DIRECTIONS FOR THIS TASK -
Only the lines from the one containing "Intersteel Deurkruk Rond" through the end of the data below are to be repeated, exactly as given, without pictures.

DATA RECORDS -
- Opening Delimiter -
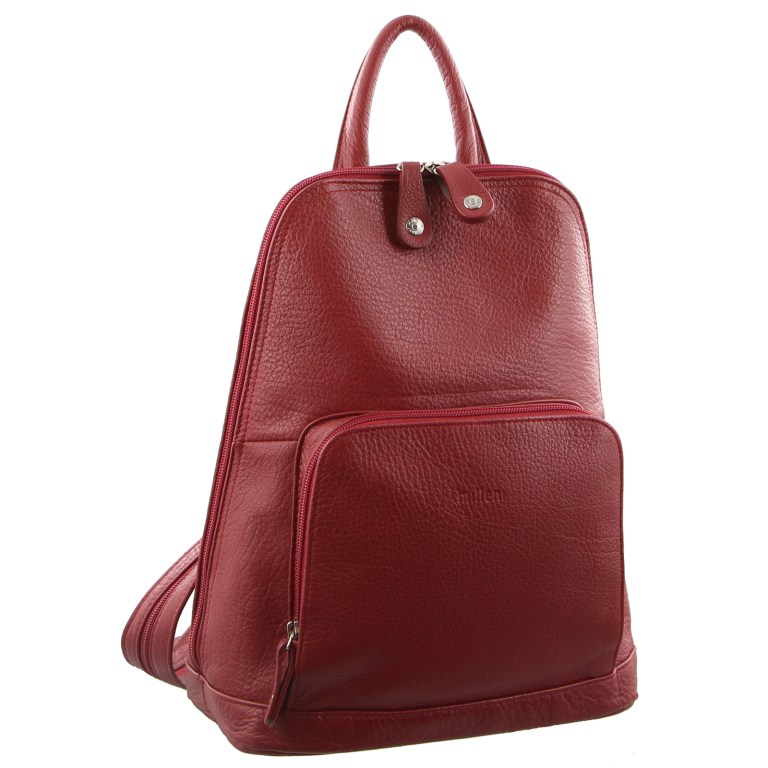 Milleni Womens Twin Zip Backpack Nappa Italian Leather Bag Travel – Red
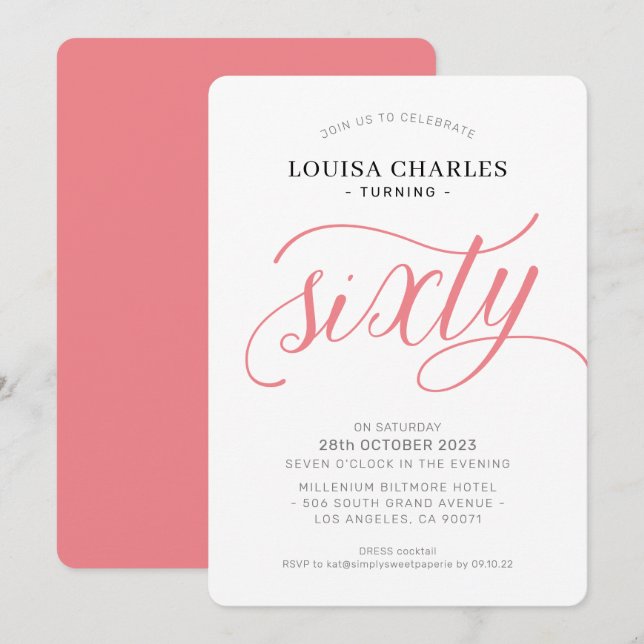 Convites SEXTA elegante escritura quic de aniversário em co (Frente/Verso)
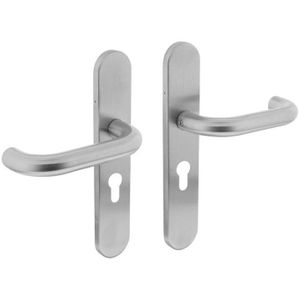 Intersteel Deurkruk Rond PC55 op schild rvs geborsteld sleutelgat PC55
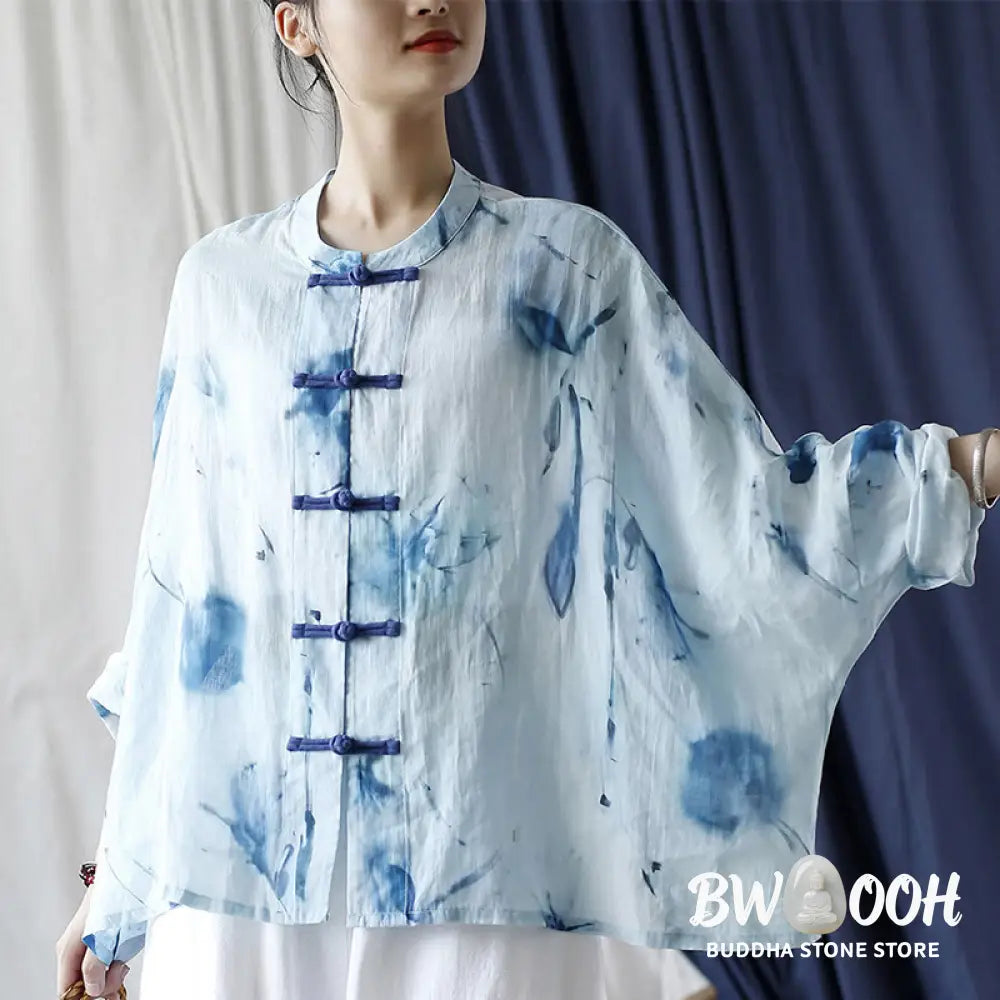 Buddha Stones Tie Dye Blue Flowers Frog-Button Design Long Sleeve Ramie Linen Jacket Shirt - F(Bust 174cm/Shoulder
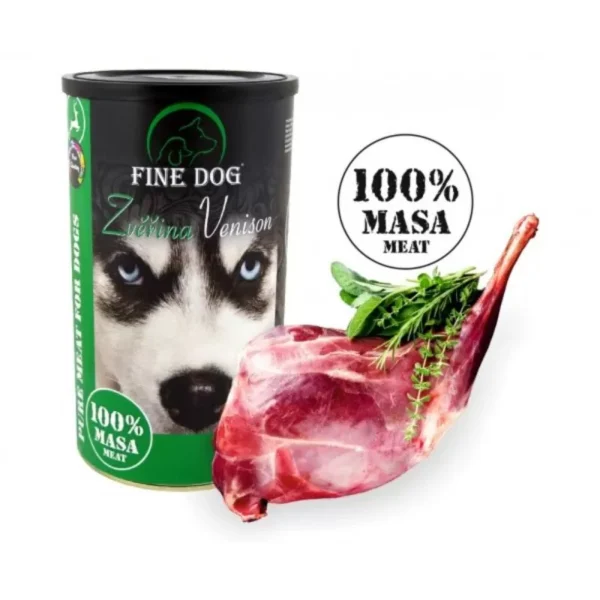 FINE DOG 100% konservas šunims su elniena 1200g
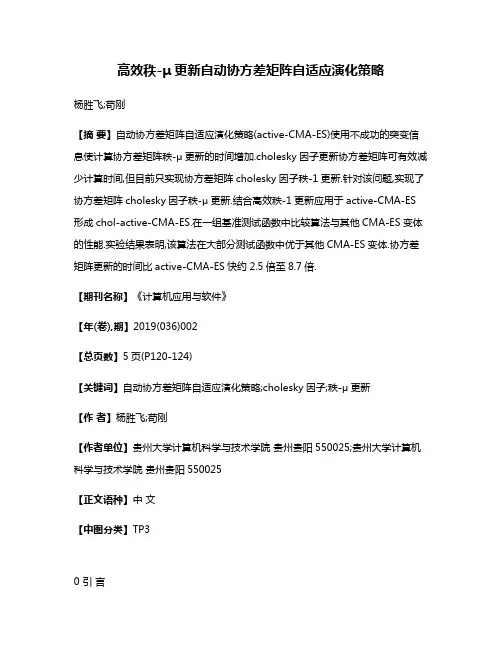 高效秩-μ更新自动协方差矩阵自适应演化策略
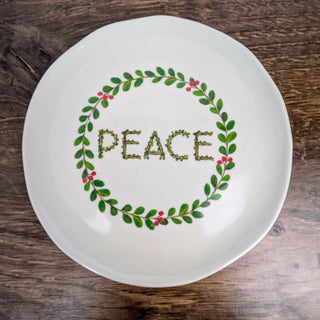 Peace Whimsical Botanical Appetizer Plate, Melamine 7" - JSQ Mercantile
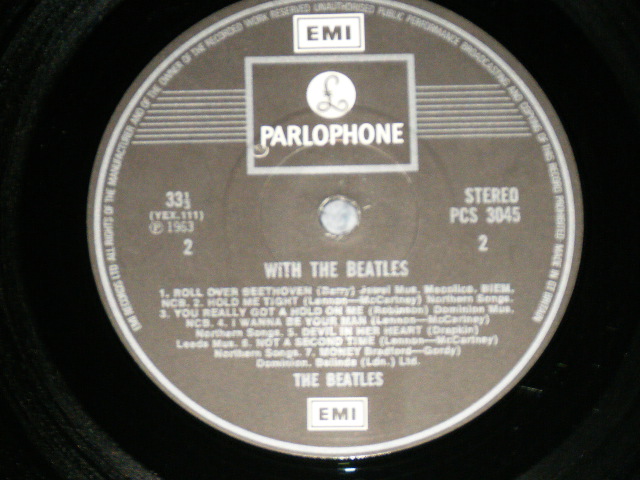 画像: THE BEATLES - WITH THE BEATLES  (  Martix # A) YEX-110-2/B) YEX-111-4 ) ( Ex+/MINT- EDSP)   / 1970's  UK  ENGLAND "2xEMI Label" STEREO  Used LP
- Closing Delimiter -
ANSWER FOR THE TASK -
 Intersteel Deurkruk Rond PC55 op schild rvs geborsteld sleutelgat PC55
 Buddha Stones Tie Dye Blue Flowers Frog-Button Design Long Sleeve Ramie Linen Jacket Shirt - F(Bust 174cm/Shoulder
 FINE DOG 100% konservas šunims su elniena 1200g
 高效秩-μ更新自动协方差矩阵自适应演化策略
 Peace Whimsical Botanical Appetizer Plate, Melamine 7" - JSQ Mercantile
 画像: THE BEATLES - WITH THE BEATLES  (  Martix # A) YEX-110-2/B) YEX-111-4 ) ( Ex+/MINT- EDSP)   / 1970's  UK  ENGLAND "2xEMI Label" STEREO  Used LP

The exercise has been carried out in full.